--- EXTRACTED INFORMATION ---

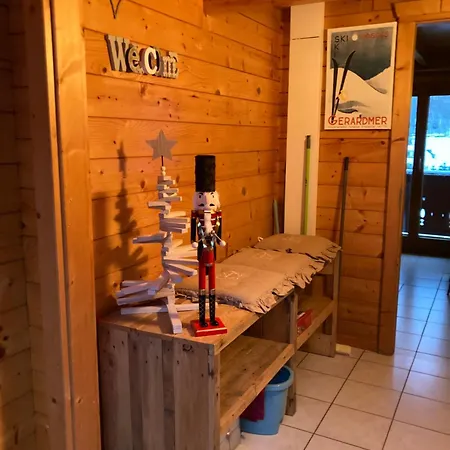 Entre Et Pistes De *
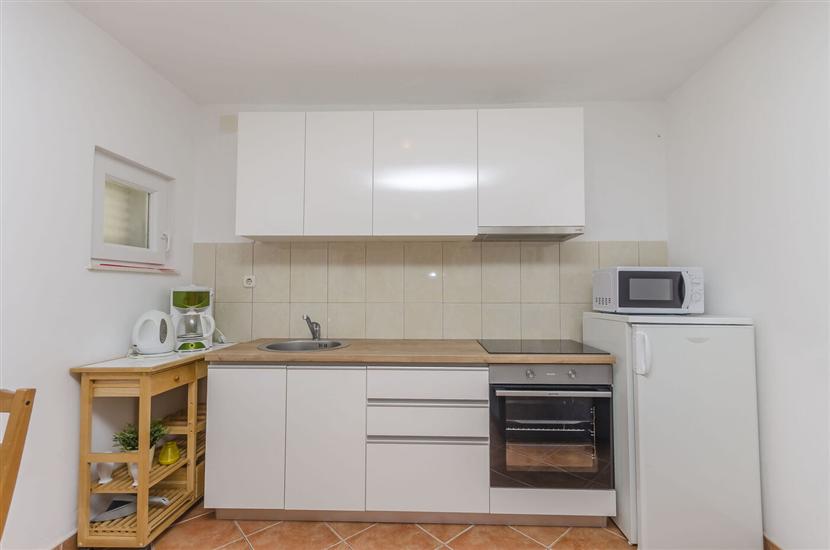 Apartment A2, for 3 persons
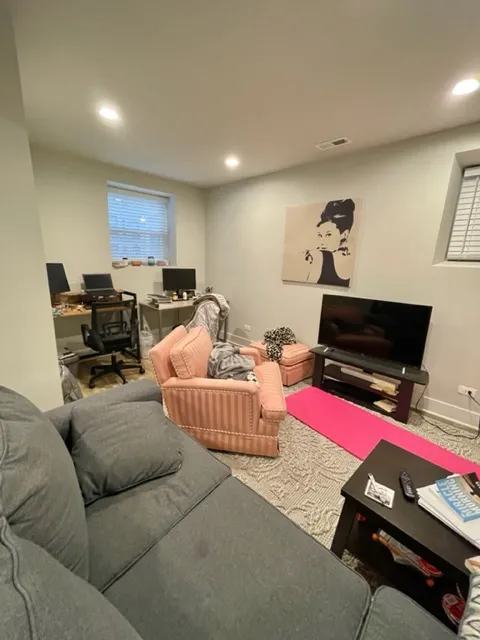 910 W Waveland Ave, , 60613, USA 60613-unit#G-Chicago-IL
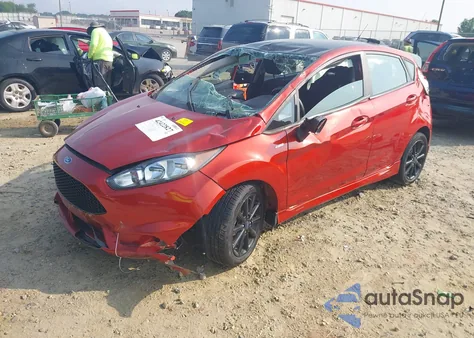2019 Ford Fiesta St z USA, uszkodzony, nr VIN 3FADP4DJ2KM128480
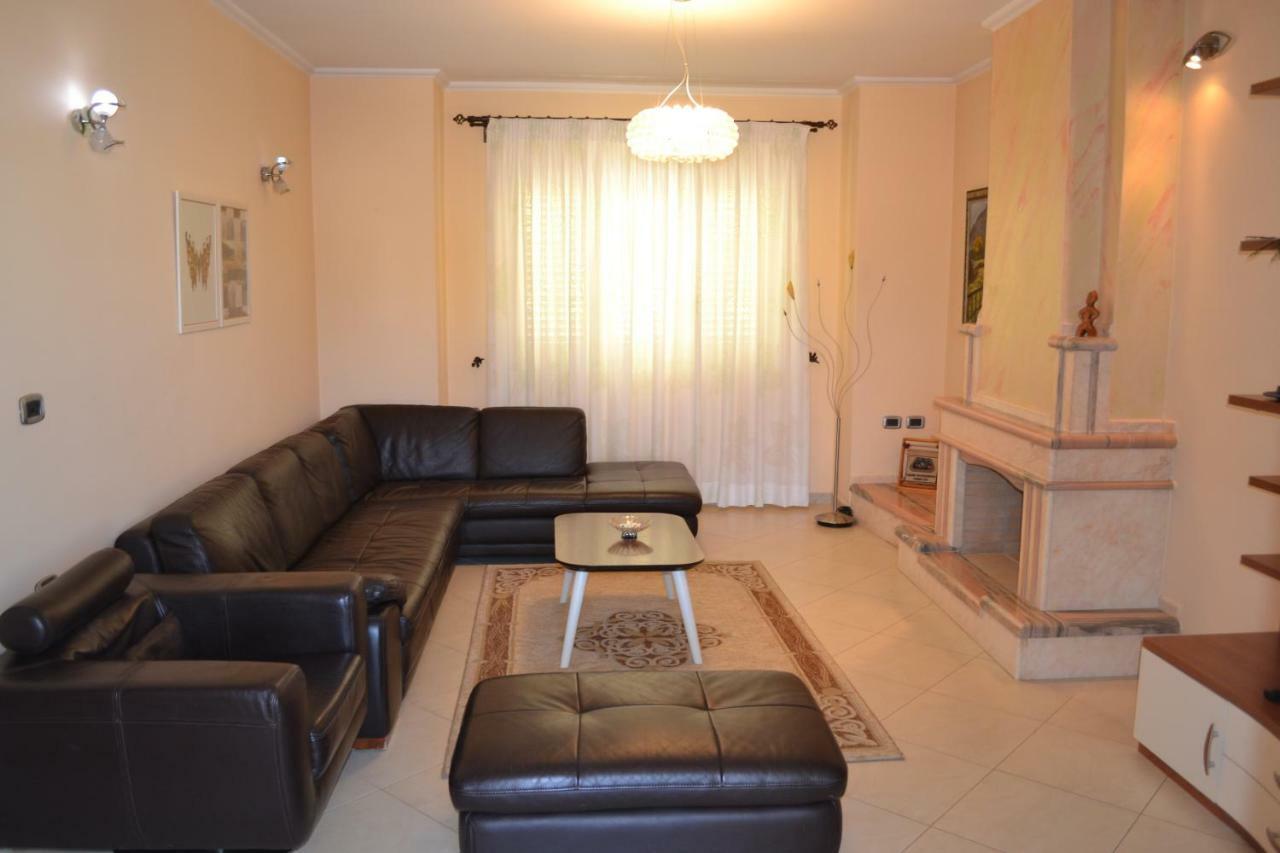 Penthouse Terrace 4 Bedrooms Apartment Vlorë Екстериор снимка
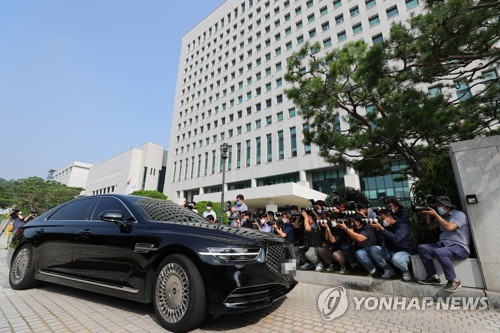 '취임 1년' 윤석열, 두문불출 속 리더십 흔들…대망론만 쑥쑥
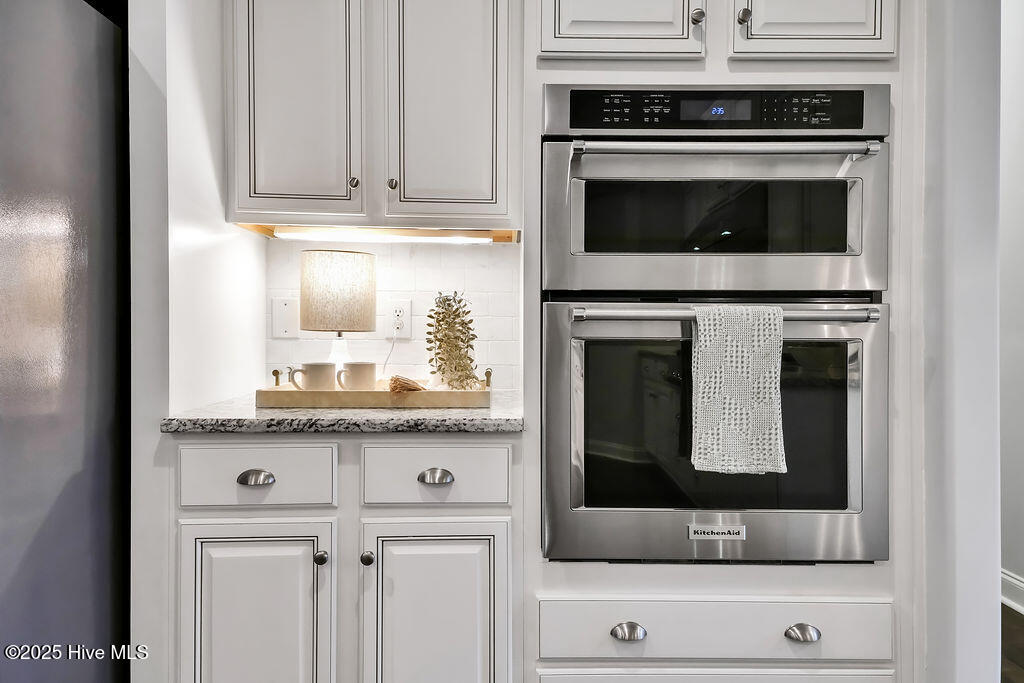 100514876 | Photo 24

---

Reproduce every line of the data above, exactly as it stands, but not the pictures.

 Entre Et Pistes De *
 Apartment A2, for 3 persons
 910 W Waveland Ave, , 60613, USA 60613-unit#G-Chicago-IL
2019 Ford Fiesta St z USA, uszkodzony, nr VIN 3FADP4DJ2KM128480
 Penthouse Terrace 4 Bedrooms Apartment Vlorë Екстериор снимка
 '취임 1년' 윤석열, 두문불출 속 리더십 흔들…대망론만 쑥쑥
 100514876 | Photo 24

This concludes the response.